New Foreign Exchange Rules for Natural Resource Exports Take Effect Tomorrow, Purbaya: 100% Repatriation Mandatory
JAKARTA — The government has officially implemented new regulations regarding foreign exchange from natural resource exports (DHE SDA) effective 1 June 2026 through Government Regulation No. 21 of 2026. The policy aims to strengthen national economic resilience by increasing foreign exchange retention domestically.
Finance Minister Purbaya Yudhi Sadewa stated during a press conference at Danantara Building in Jakarta on Sunday (31 May 2026) that the government requires all natural resource exporters to repatriate DHE SDA domestically with 100% compliance.
“Natural resource exporters must repatriate DHE SDA domestically with 100% compliance,” Purbaya said during the press conference.
Under the regulation, non-oil and gas exporters must deposit 100% of DHE SDA in a dedicated domestic account for at least 12 months.
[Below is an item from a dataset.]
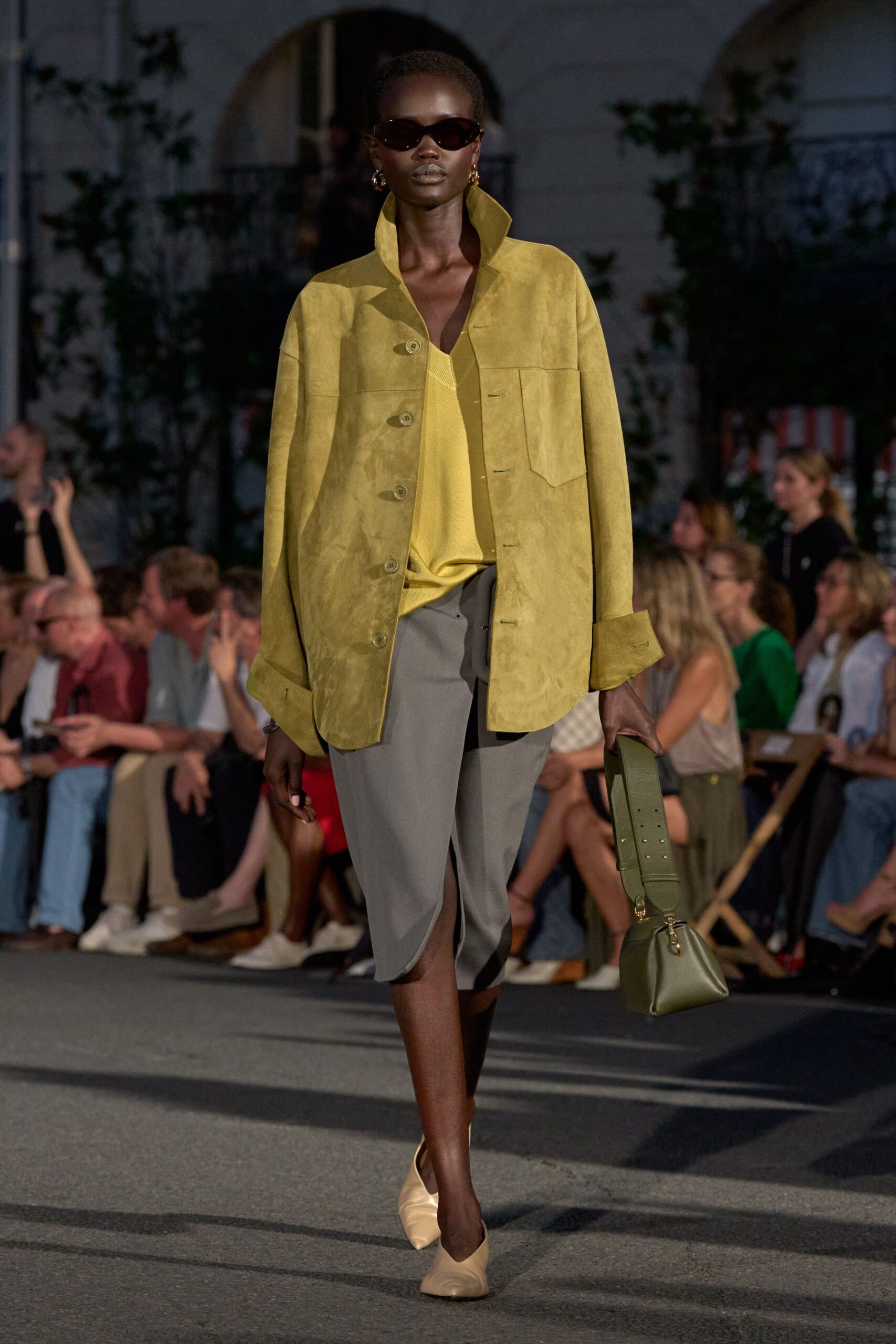 Ami S/S 26 Menswear Look 71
Oil and gas exporters are required to hold a minimum of 30% of DHE SDA for a minimum of three months. The new rules take effect from 1 June 2026.
According to Purbaya, DHE SDA deposits must be made through state-owned banks (BUMN). The government also limits foreign exchange conversion to rupiah to a maximum of 50% to ensure effective management of export earnings.
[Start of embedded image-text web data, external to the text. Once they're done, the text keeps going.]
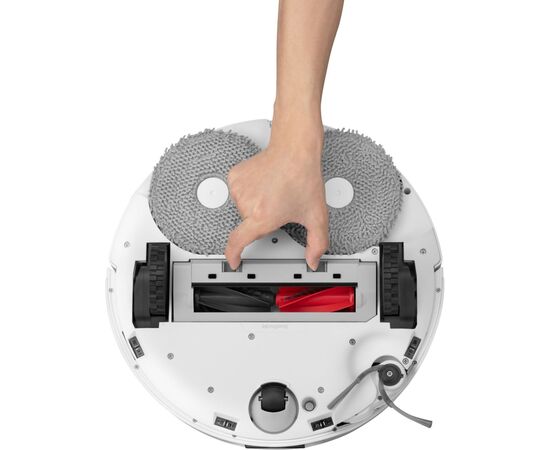 Пылесос Roborock Qrevo Edge 5V1 White, изображение 12 Пылесос Roborock Qrevo Edge 5V1 White, изображение 12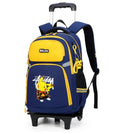 Mochila Escolar Infantil Pokémon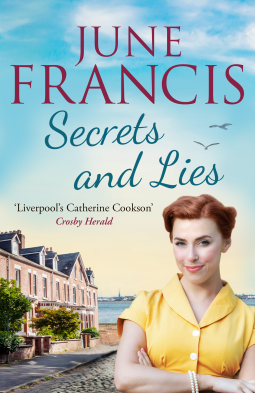 book cover for Secrets and Lies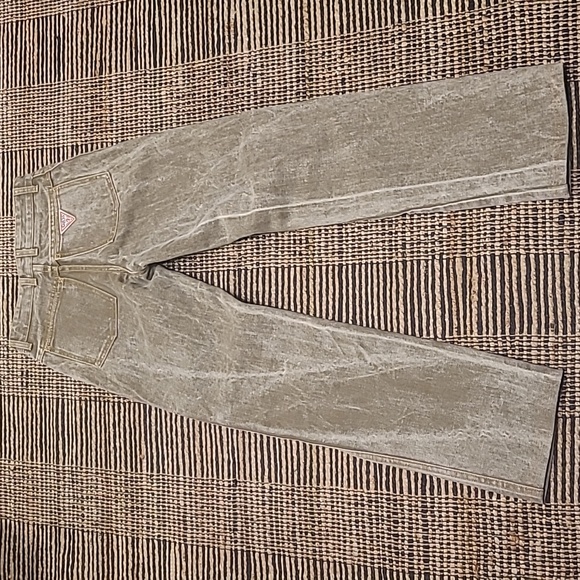 VINTAGE GUESS JEANS BY GEORGES MARCIANO - Picture 9 of 13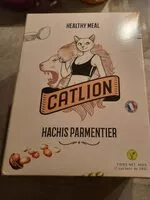 Mängden socker i Hachis parmentier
From a regulatory perspective, the policy is designed to ensure natural resource exports have a greater impact on the domestic economy. The government believes optimising foreign exchange retention domestically will strengthen foreign currency liquidity, supporting exchange rate stability and funding national development.
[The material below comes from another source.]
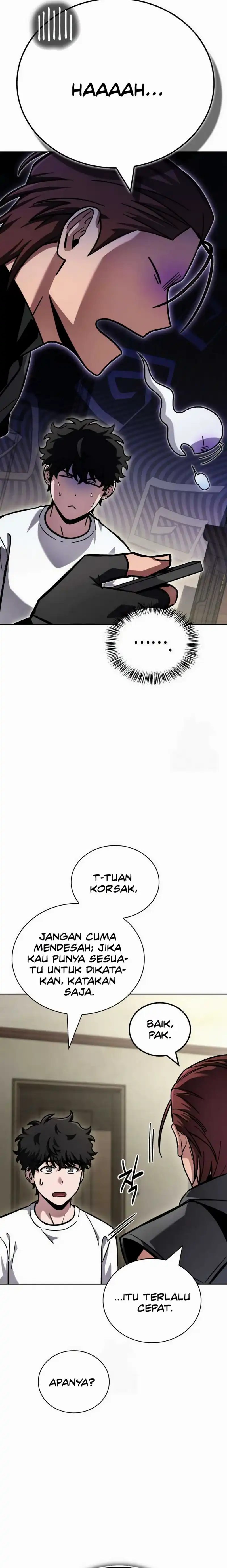 Baca A Wimp's Strategy Guide to Conquer the Tower - Chapter 9 halaman 31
Despite stricter obligations, the government has relaxed requirements for certain exporters, particularly in the mining sector, where companies with bilateral agreements or trade understandings with Indonesia are involved.
Under this scheme, exporters bound by bilateral agreements may place part of their DHE SDA in special accounts outside standard rules. They can hold a minimum of 30% foreign currency for three months and convert currency at non-state-owned banks.
Furthermore, the government has introduced tax incentives to encourage compliance with the new policy. These include lower income tax rates on earnings from DHE SDA placements compared to regular investments.
“The government offers tax facilities for exporters who comply with DHE SDA domestic placement requirements. Income tax rates on DHE SDA placement earnings can reach 0% depending on the deposit duration,” Purbaya said.
He explained that the facility offers more competitive advantages than conventional investments, which typically face tax rates up to 20%. Thus, the government aims to balance regulatory obligations with business incentives.
The government hopes the implementation of Government Regulation No. 21 of 2026 will increase domestic foreign exchange reserves, strengthen external sector resilience, and support national economic stability amid global economic dynamics.